In Salon, Brian Kim Stefans discusses a new book by “Speculative Realist” philosopher Graham Harman (who teaches at the American University in Cairo, not at Miskatonic), which attempts to identify the early 20th century author of pulp horror stories as a literary philosophic opponent of Kantian Phenomenalism, materialism, and linguistic analysis.
Evidently, Wovon man nicht sprechen kann, darüber muss man gibber und kreischen über von einer Band aus amorphem Flötenspieler Begleitet. What we cannot speak about, we must gibber and shriek about, accompanied by a band of amorphous flute-players.
Few movements in recent philosophy have had as startling a rise as that of the writers loosely grouped under the heading “Speculative Realists.” Attention to this movement, which includes Harman, Ray Brassier, Iain Hamilton Grant, Levi Bryant, and Quentin Meillassoux… is growing exponentially, not just in universities but also among the unaffiliated continental philosophy junkies who troll the blogosphere. The one principle that is inarguably shared by these philosophers is quite simple: they wish to retrieve philosophy from a tendency initiated, or at least made unavoidable, by the work of Immanuel Kant. Kant believed that the subject (meaning a human being) can ever know anything about the external world due to the very fact of subjectivity. For him, reality is always mediated by cognition, and the thinkable has a basic handicap: it is just thought. Nothing comes from outside into the mind, in other words, that is not turned into thought; the radical epistemologist argues that all we can know lies in the firm foundations of what is available to the senses, while the radical idealist argues that nothing remains in this thinking of whatever it was that spawned the thought, leaving one at the impasse of believing that all of reality is virtual, a bunch of mental actions. The result, according to the speculative realists, is that philosophy since Kant has been stuck with making this very mind→object relationship the locus and subject of philosophy, thus shutting down the project of metaphysics, the search for absolute laws beyond what can be established by experimental science.
Quentin Meillassoux has dubbed this mind→object relationship — the impasse that is at the heart of the Kantian tradition — “correlationism,” and the term has become a rallying cry for speculative realists. Harman’s philosophy displaces the mind→object relationship with that of object→object, the “mind” being just one object among many. Oddly, though Meillassoux names correlationism as the primary curse of the Kantian tradition, he also seems the most devoted of his peers to preserving the best part of it by making it the one place where he claims anything like an absolute exists. To Meillassoux (who, coincidentally or consequently, is also a fan of Lovecraft), the universe is not characterized by necessity (God-given or inevitable laws) but by a radical contingency, a “hyper-chaos” amidst which the only thing that could be seen as absolute is the mind→object relationship itself. ....
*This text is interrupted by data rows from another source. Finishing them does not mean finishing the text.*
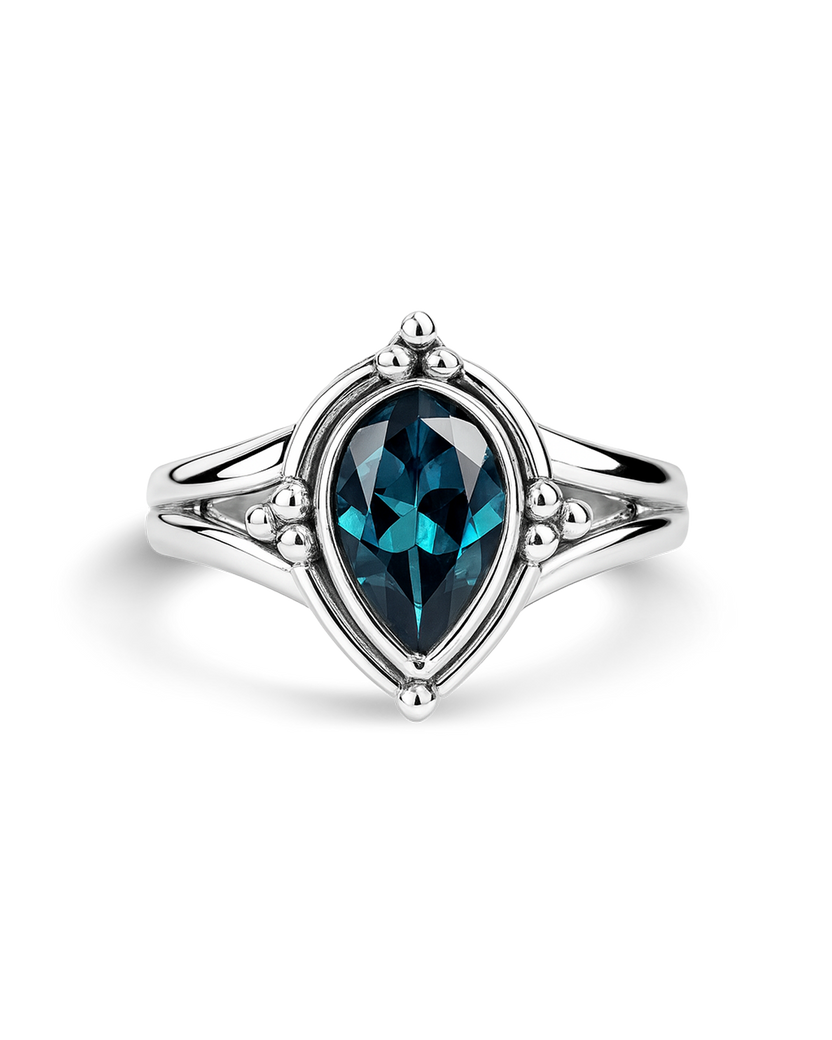 Anillo de topacio azul en forma de gota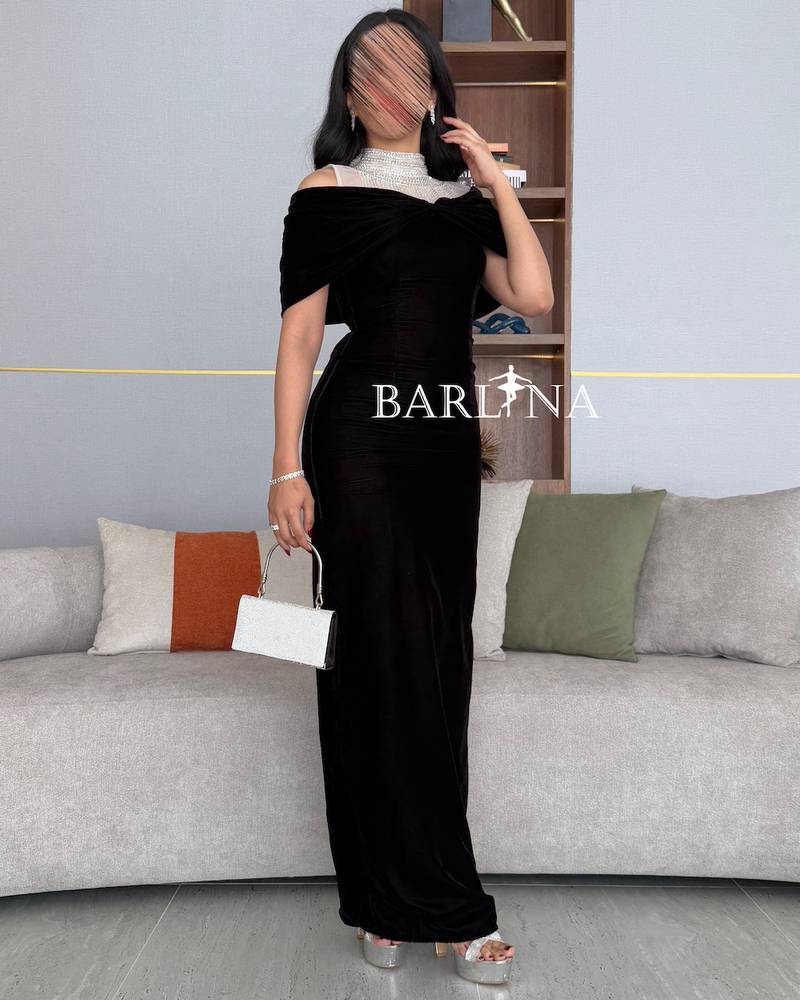 Black dress with high collar embroidered with sequins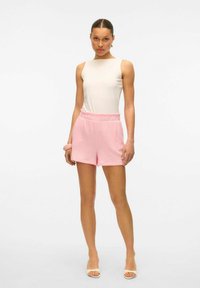 Lichtroze shorts met een gestructureerde weving, elastische taille, gecombineerd met een witte mouwloze top. Eenvoudig, strak ontwerp met zachte lijnen.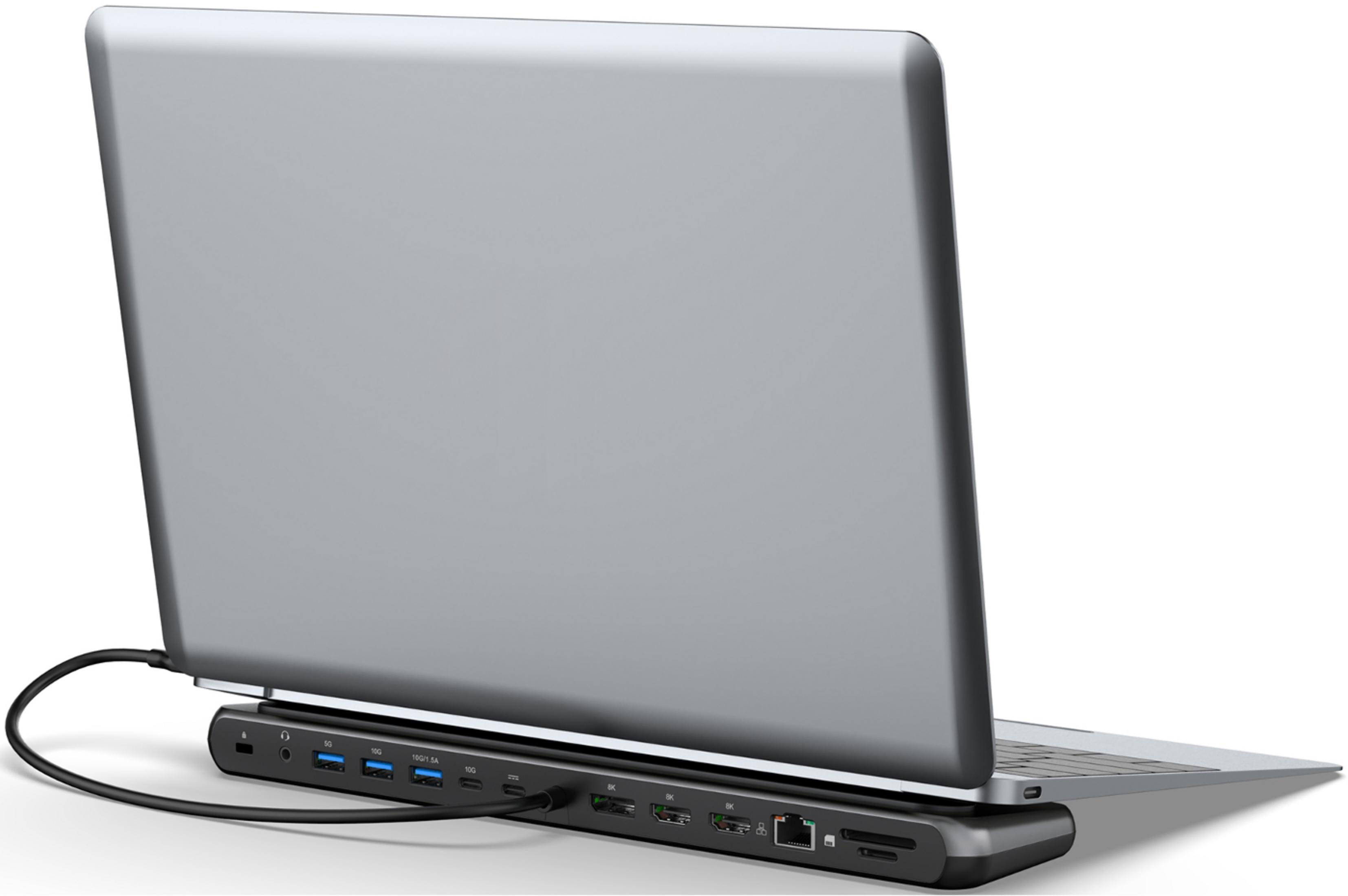 Ein graues Laptop mit Dockingstation, das mit einem Kabel verbunden ist.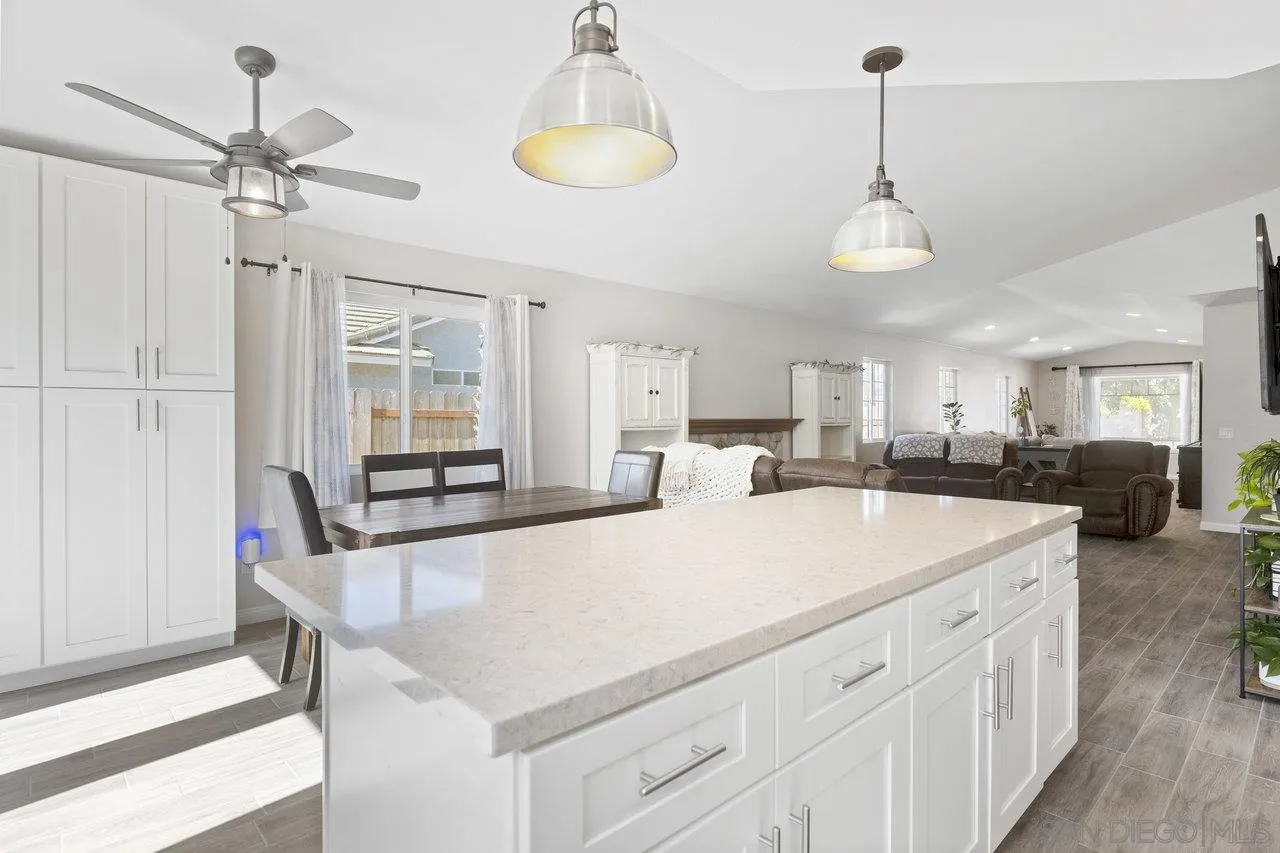 607 Maybritt Circle San Marcos, CA 92069 - Photo 22 of 38 a large white kitchen with a table and chairs
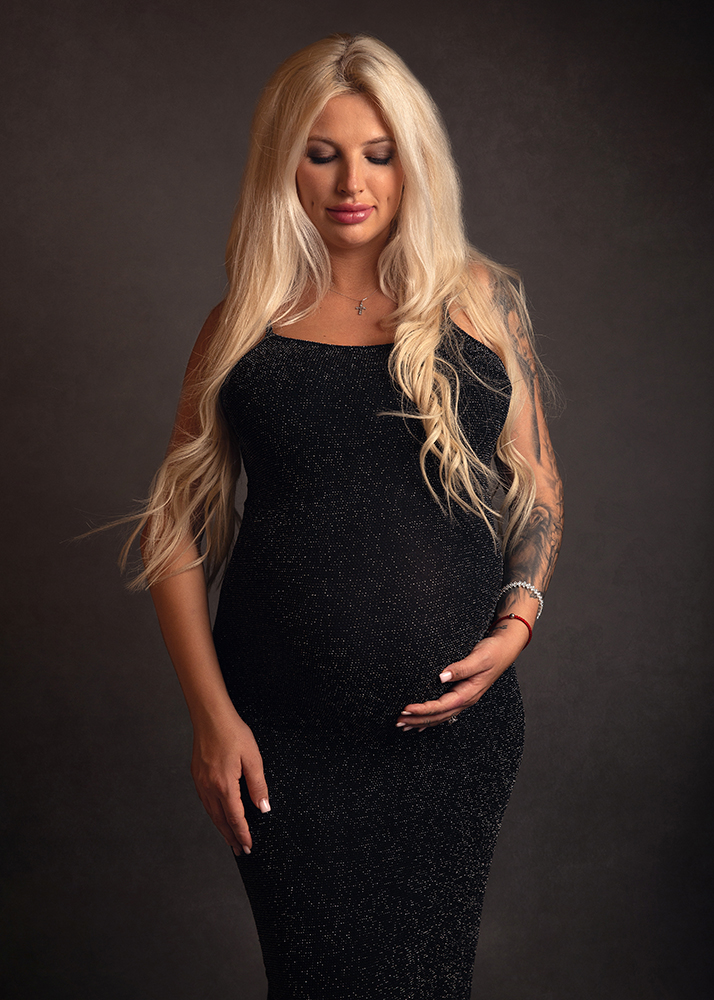 pregnant woman in black sparkly dress looking lovingly at bump by Surrey Maternity Photographer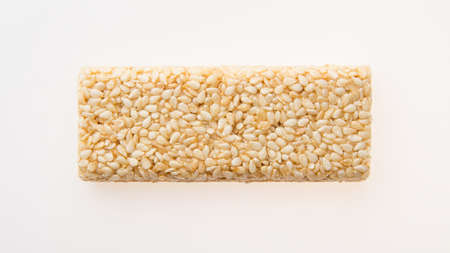 sesame seeds in caramel in the form of a barの写真素材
In Weird Realism: Lovecraft and Philosophy, Harman enlists Lovecraft in his battle with epistemology and materialism — Lovecraft himself expressed loathing for normative science, and certainly had no love for legitimate academics — but also against correlationism: the conviction that all the mind could ever know are purely mental phenomena, which ultimately led (and here we are brushing with broad strokes) to the so-called “linguistic” turn of much 20th-century philosophy (most characteristically that of Wittgenstein and Derrida). To that extent, Lovecraft’s failure to engage in the linguistic experimentation of his high Modernist contemporaries does not make him some kind of recalcitrant provincial, but rather a sensible (if xenophobic) voyager who simply did not want to make the claim that language was all there was. Lovecraft’s language “fails” only insofar as the narrators fail to get into words, to journalize, some experience that simply cannot be fully available to the meager human senses and mind. For the most part, Lovecraft is happy to use language as a simple, functional tool, rather than to insist at every moment through linguistic estrangement — like, say, a Stein or a Beckett — that language is not what you think it is (and, consequently, that language is everything). For Lovecraft, it’s the universe, not language, that is not what you think it is. So what is it then? Well, weird.
Weird Realism opens with an idiosyncratic set of short essays that lay out the method of the book. Harman notes that there is a choice that philosophers generally make between being a “destroyer of gaps” — those who want to reduce reality to a simple principle — and “creators of gaps” — those who point to those areas to which we will possibly never have access. He deems the latter “productionists” (in contrast to reductionists) and writes: “If we apply this distinction to imaginative writers, then H.P. Lovecraft is clearly a productionist author. No other writer is so perplexed by the gap between objects and the power of language to describe them, or between objects and the qualities they possess.”